If the verbs are ok, you need to check all underlined pronouns.

  1. Pronoun/Antecedent Agreement. Common tricks:
    1. The use of “their” when the antecedent is singular (Every coach wants his or her team to win.)
    2. The use of non-personal pronouns for people (The book was about the lives of three teenagers, all of which whom grew up in New Orleans.)



There are two very commonly tested parallelism rules, and then some miscellaneous things that you might see once in a while.

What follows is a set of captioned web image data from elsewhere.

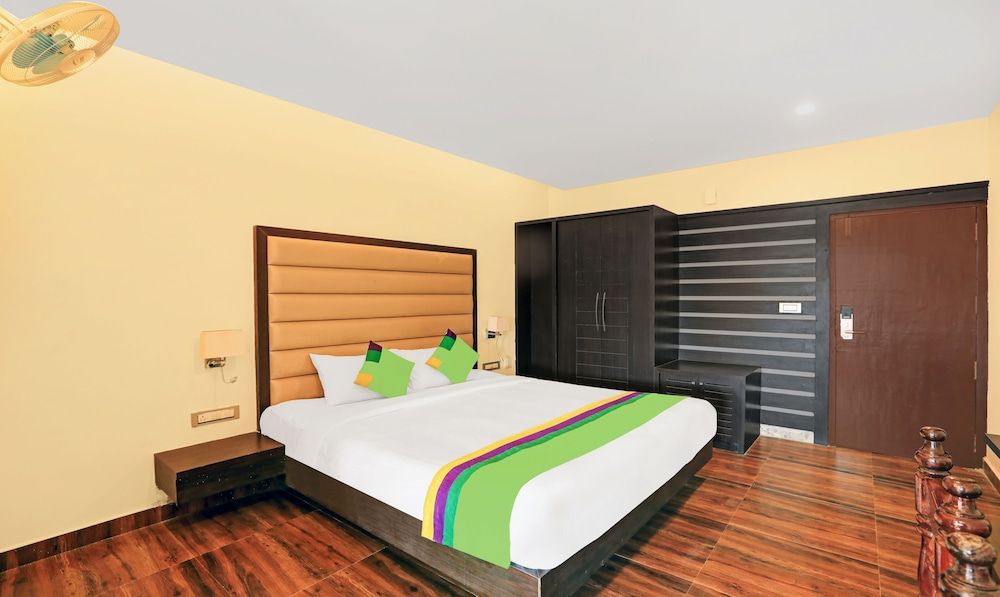 Treebo Doha King Standard Double Room 6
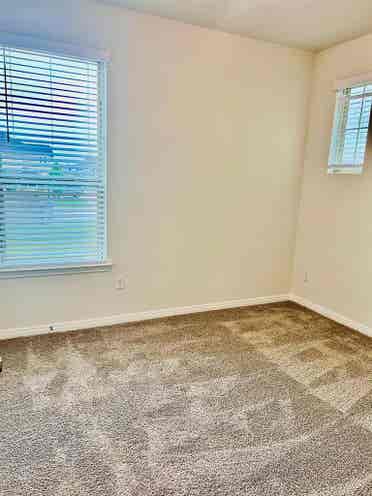 3 BR in Pflugerville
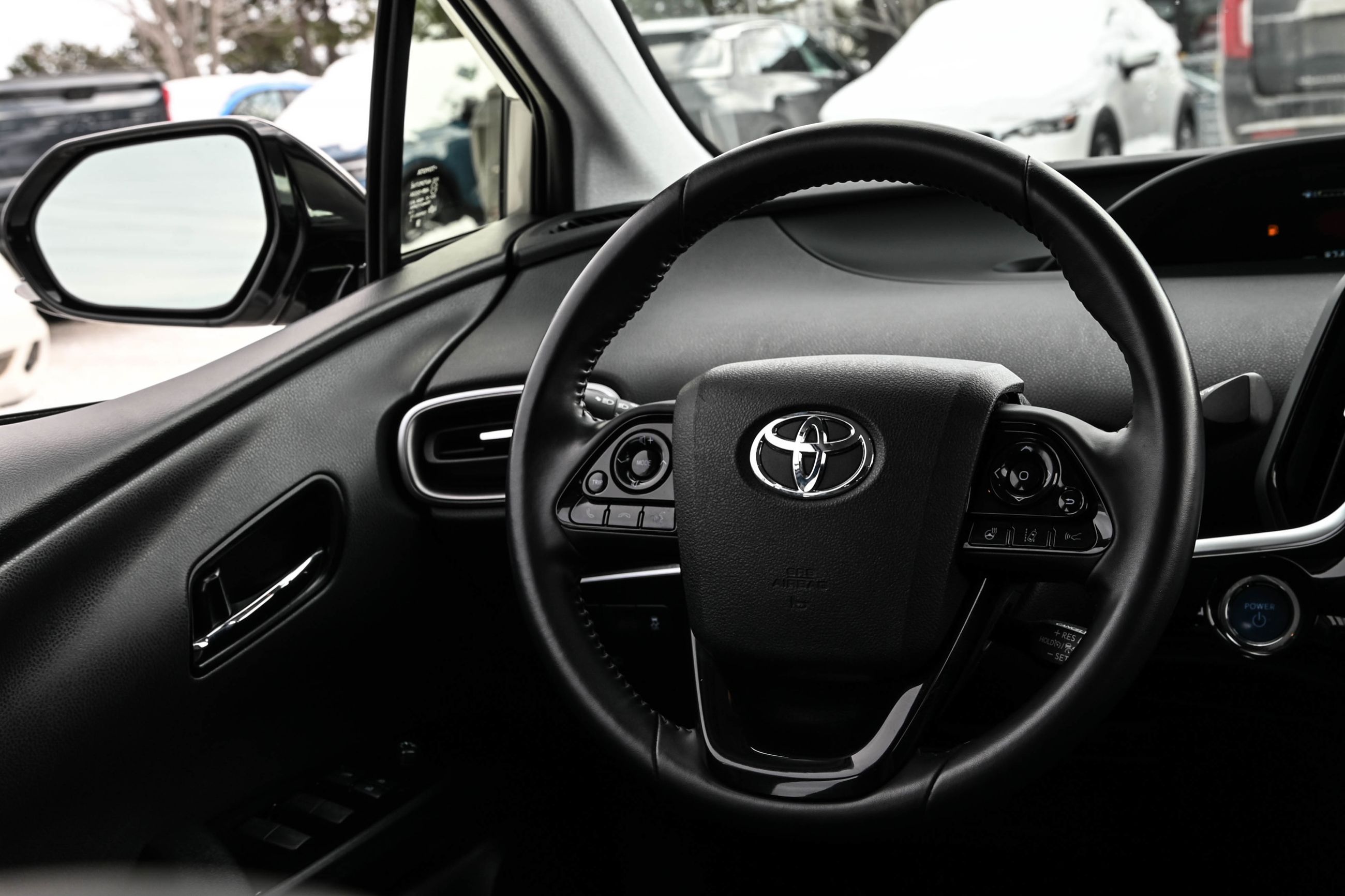 2020 Toyota Prius Prime in Dollard-des-Ormeaux, Quebec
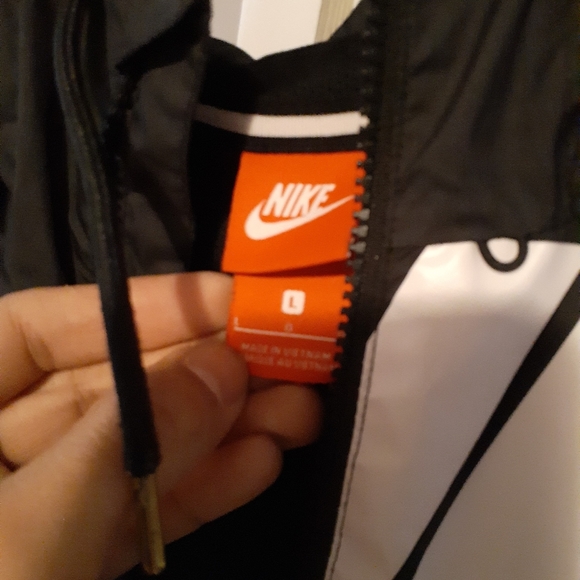 Nike windbreaker - Picture 3 of 4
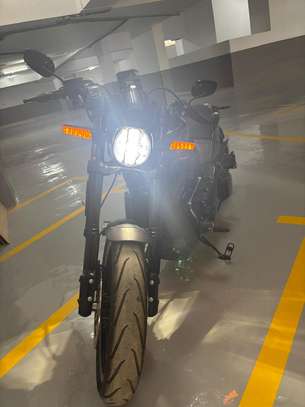 Harley davidson FXDR image 4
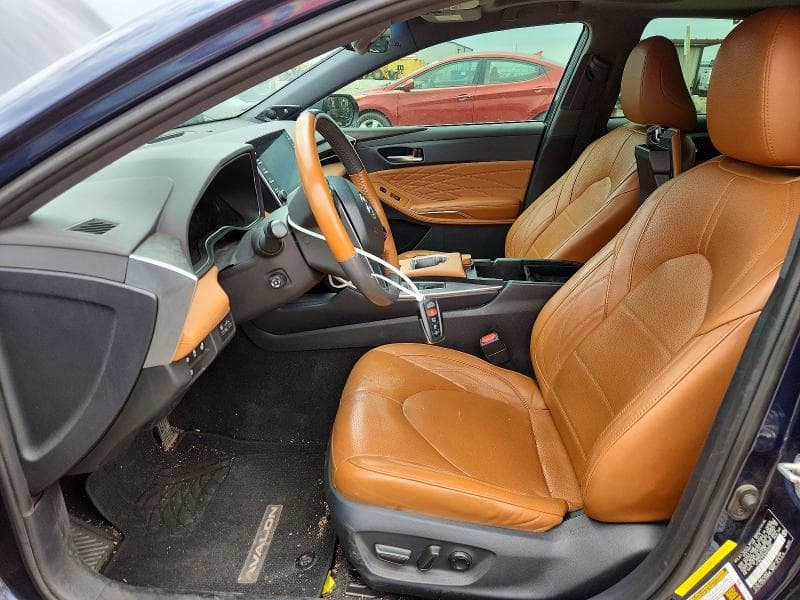 2019 TOYOTA AVALON LIMITED 7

  1. Lists. If a sentence is listing two or more things, make sure every element in the list is parallel in every way.
    1. Verb conjugations (There are two ways Rick knows to kill zombies: to shoot them in the head or to set them on fire.)
    2. Mixing nouns and verbs (My favorite things are pizza, dogs, and going hiking hikes.
    3. Preposition use (A good vocabulary will take you far in your career, your education, and in your personal life.)
  2. Comparisons. Only like things can be compared to each other. For more info on this, see this post.
    1. Possession (Even though he is only a shoe salesman, Justin’s income is higher than that of his boss because he’s also an underground street fighter on the weekends.)
  3. Miscellaneous.  Here are some other things you might see.
    1. One vs. You (Before you go skydiving, you should do thorough equipment inspections.)
    2. Neither/nor (I enjoy neither hiking nor biking.)
    3. Either/or (I’d be happy with either mini-golf or bowling)
    4. Not only/but also (My boss was happy that not only did I increase sales in my district, but I also kept my company car spic and span.)

Comments (13)


I got a stinkin 6 essay, which lowered my score to a STUPID 590. so I’m thinking – this could be the place to REALLY improve my score. I’m wondering … what kind of questions fall under the “difficult questions” in each section? Is it just random?

I heard from someone that if I just improved my essay to a 10 or so, my score would jump to around 700 … sooo … I’m reviewing grammar right now but where should I focus?

oh shoot. it didn’t work. LOL.

basically i missed 3 in the improving sentences (all difficult), 2 in the identifying sentence errors (1 skipped) and 1 medium improving paragraphs.

Yo. Just pulling a random scoring table (blue book test 2) shows that a jump from 6 to 10 on your essay would bring you from 590 to 660. Not a bad jump, but that’s still not 700.

I’ve got some advice on how to write better essays, but if your major concern is points, you’re probably better off continuing to work on the multiple choice. There are more points to be had there, and they’re easier to grab.

As for what’s “difficult,” like math sections, writing sections tend to cluster the toughest questions towards the ends of the question types. So, on a typical 35 question section, you hardest Improving Sentences questions will be 9, 10, and 11, your hardest Error ID questions will be 27-28-29. etc. There are exceptions to that, of course, but that’s the general setup.

Oh, I see. The toughest errors to spot are usually the random idioms and/or diction errors that come up very rarely, but they’re pretty good at writing very difficult verb agreement questions, too.

More than any other section of the SAT, you’ll find that with practice, the writing section really seems formulaic, though. If you do enough practice questions, even the “difficult” ones start to seem easy. 🙂

okay. i’ll go ahead and do a writing section sometime soon, and then move on to another test. i’ll leave all the essays out until i get home and devote some time to learning how to write them …

isn’t there a list somewhere that has a whole list of all writing mc questions, and what section they fall under?